How to upgrade persistent instances (OpenStack)

Warning

This document is specific to OpenStack and is outdated. For Amazon AWS, see this up-to-date one.

This article describes how to upgrade persistent instances (e.g. copr-fe-dev) to new Fedora version.

Requirements

Find source image

For OpenStack, there is an image registry on OpenStack images dashboard. By default you see only the project images; to see all of them, click on the Public button.

Search for the Fedora-Cloud-Base-* images of the particular Fedora. Please note that if there is a timestamp in the image name suffix than it is a beta version. It is better to use images with numbered minor version.

The goal in this step is just to find an image name.

Update the image in playbooks

Once the new image name is known, make sure it is set in vars/global.yml, e.g.:

fedora30_x86_64: Fedora-Cloud-Base-30-1.2.x86_64

Then edit the host vars for the instance:

vim inventory/host_vars/<instance>.fedorainfracloud.org
# e.g.
vim inventory/host_vars/copr-dist-git-dev.fedorainfracloud.org

And configure it to use the new image:

image: "{{ fedora30_x86_64 }}"

That is all, that needs to be changed in the ansible repository. Commit and push it.

Backup the old instance

This part is done via openstack client on your computer. First, download an RC file for the persistent tenant. Open Fedora Infra OpenStack dashboard, switch to the Access & Security section, then API Access and click on Download OpenStack RC File.

Load the openstack settings:

source ~/Downloads/persistent-openrc.sh

Backup the old instance by renaming it:

openstack server set --name <old_name>_backup "<id>"
# e.g.
openstack server set --name copr-dist-git-dev_backup "85260b5b-7f61-4398-8d05-xxxxxxxxxxxx"

Warning

backend - You have to terminate existing resalloc resources. See Terminate resalloc resources.

Warning

backend - Terminate OpenStack VMs.

Finally, shut down the instance to avoid storage inconsistency and other possible problems:

$ ssh root@<old_name>.fedorainfracloud.org
[root@copr-dist-git-dev ~][STG]# shutdown -h now

Once the instance is halted, detach volume from the old instance:

openstack server remove volume "<instance_id>" "<volume_id>"
# e.g.
openstack server remove volume "52d97d72-5915-45c0-b223-xxxxxxxxxxxx" "9e2b4c55-9ec3-4508-af46-xxxxxxxxxxxx"

Provision new instance from scratch

On batcave01 run playbook to provision the instance. For dev, see

https://docs.pagure.org/copr.copr/how_to_release_copr.html#upgrade-dev-machines

and for production, see

https://docs.pagure.org/copr.copr/how_to_release_copr.html#upgrade-production-machines

Note

Please note that the playbook may be stuck longer than expected while waiting for a new instance to boot.

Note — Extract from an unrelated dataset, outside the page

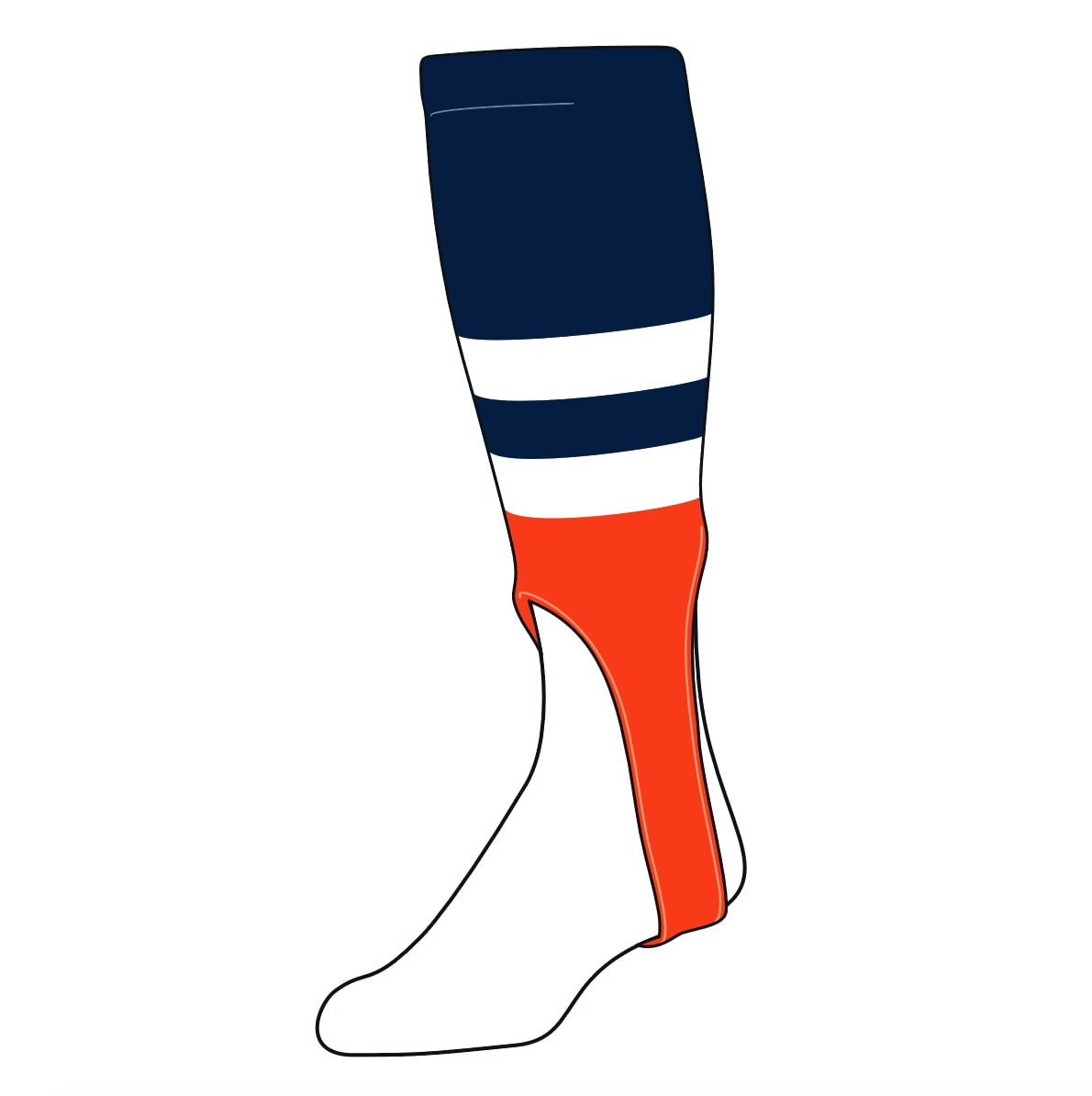 TCK Baseball Stirrups Large (300G, 7in) Navy, White, NEON Orange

See Initial boot hangs waiting for entropy.

Get it working

The playbook from the previous section will most likely not succeed. At this point, you need to debug and fix the issues from running it. If required, adjust the playbook and re-run it again and again. Most likely you will also need to attach a volume to it in the OpenStack instances dashboard.

Note

frontend - It will most likely be necessary to manualy upgrade the database. See Upgrade the database.

Note

backend - Copr backend requires an outdated version of python3-novaclient. See Downgrade python novaclient.

Terminate the old instance

Once the new instance is successfully provisioned and working as expected, terminate the old backup instance.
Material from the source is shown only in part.